I’m often asked which neighborhood (barrio) is better, San Telmo or Palermo Soho.  Here’s a brief description of the two barrios from an insider/outsider point of view to help you decide.

El Federal

San Telmo (above) is tango and the past; Palermo Soho (below) is hip and modern.  Choosing between the two is really a matter of what you most want to experience here in Buenos Aires. San Telmo is New Orleans; Palermo is Miami. Or something like that.     

 Cluny from Above  

 San Telmo is walking distance to most sights; Palermo requires a taxi ride or a walk to the subway. Sights Nearby: Within walking distance from San Telmo are the Plaza de Mayo, la Casa Rosada, the cabildo, Cafe Tortoni,  Avenida Florida (the famous pedestrian street for shopping), Avenida Corrientes (loaded with theaters…. BA’s Broadway) with its obelisk, and Teatro Colon (although it’s currently being remodeled). 

  Blue and White  

In the area of Palermo, you’ll find: the Botanical Gardens, the zoo, the hippodrome, the polo field, major shopping centers on Avenida Santa Fe, the Evita Museum, MALBA (the museum of Latin American Fine Arts), and many gorgeous parks.  

Polo Field 

Prices and Restaurants: San Telmo is cheaper than Palermo in part because it has more variety. You’ll find more inexpensive traditional parillas, pizza joints, choripan stands on the road, rustic eateries with wooden tables that have been there for ages, more Italian restaurants, a fantastic market for buying fresh produce, more bars and milongas (tango dance halls), and more traditional cafes.

Antique Market  

In Palermo, you’ll find some of the best restaurants in Buenos Aires where the menus are more modern and innovative. Cafes and restaurants are trendy and pricey. There are more outdoor cafes in Palermo Soho than in San Telmo. It’s more difficult to get a traditional parilla (Argentinean barbeque) in Palermo.
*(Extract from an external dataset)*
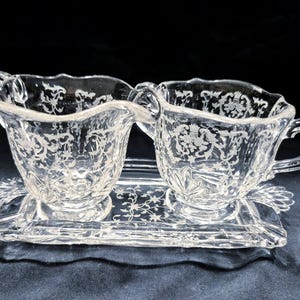 May include: Clear glass creamer and sugar bowl set with floral etched design. The creamer has a handle and spout, and the sugar bowl has a handle. Both sit on a matching rectangular tray with decorative edges.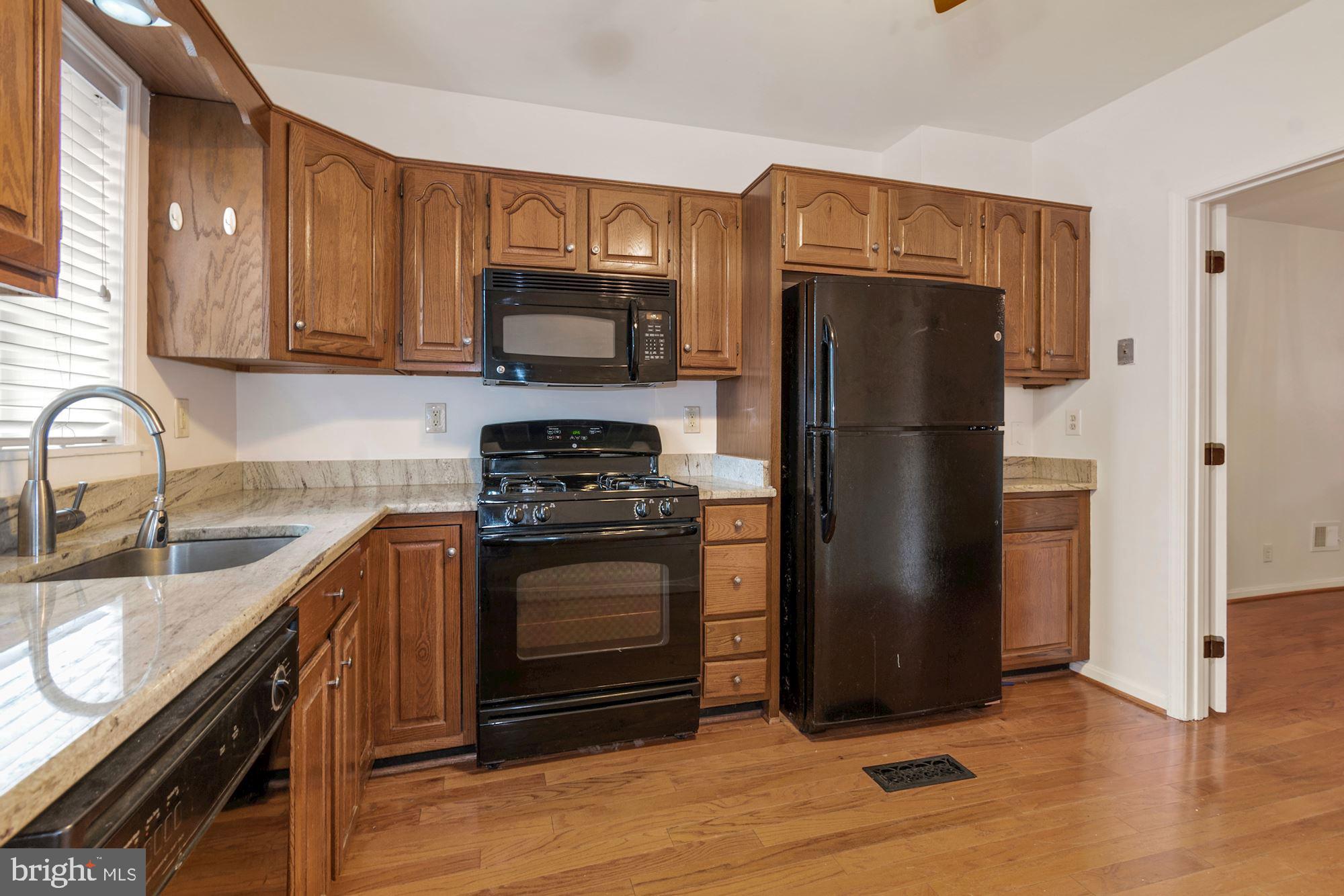 1445 Andre Street Baltimore, MD 21230 - Photo 9 of 22 a kitchen with stainless steel appliances granite countertop a refrigerator stove and sink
Some of the hottest nightspots are in Palermo, but there aren’t as many bars where one can stop in for a drink and a game of pool.

 El Ultimo Beso  

The Streets and Shopping: Palermo is cleaner and has less riffraff than San Telmo. San Telmo is more crowded and more bohemian than Palermo. Both areas are very active on weekends.  The antique fair in San Telmo brings in hordes of locals and tourists. Streets are filled with live performances that are out of this world. Palermo’s weekend fair is for designers. The square is filled with stands where you can buy jewelry, shirts, etc. 

 Tango in the Street  

Shopping is better in Palermo than in San Telmo, but it comes with a higher price tag. San Telmo is changing though. A few stores that are in Palermo are opening in San Telmo, too. But for clothes, shoes, jewelry, and art, Palermo has more to offer.

Designer Interiors 

So, do you want a filet with a dijon sauce and fancy table settings or some empanadas, pizza, and  steak served on wooden plates? Answer this question and you’ll know where to stay.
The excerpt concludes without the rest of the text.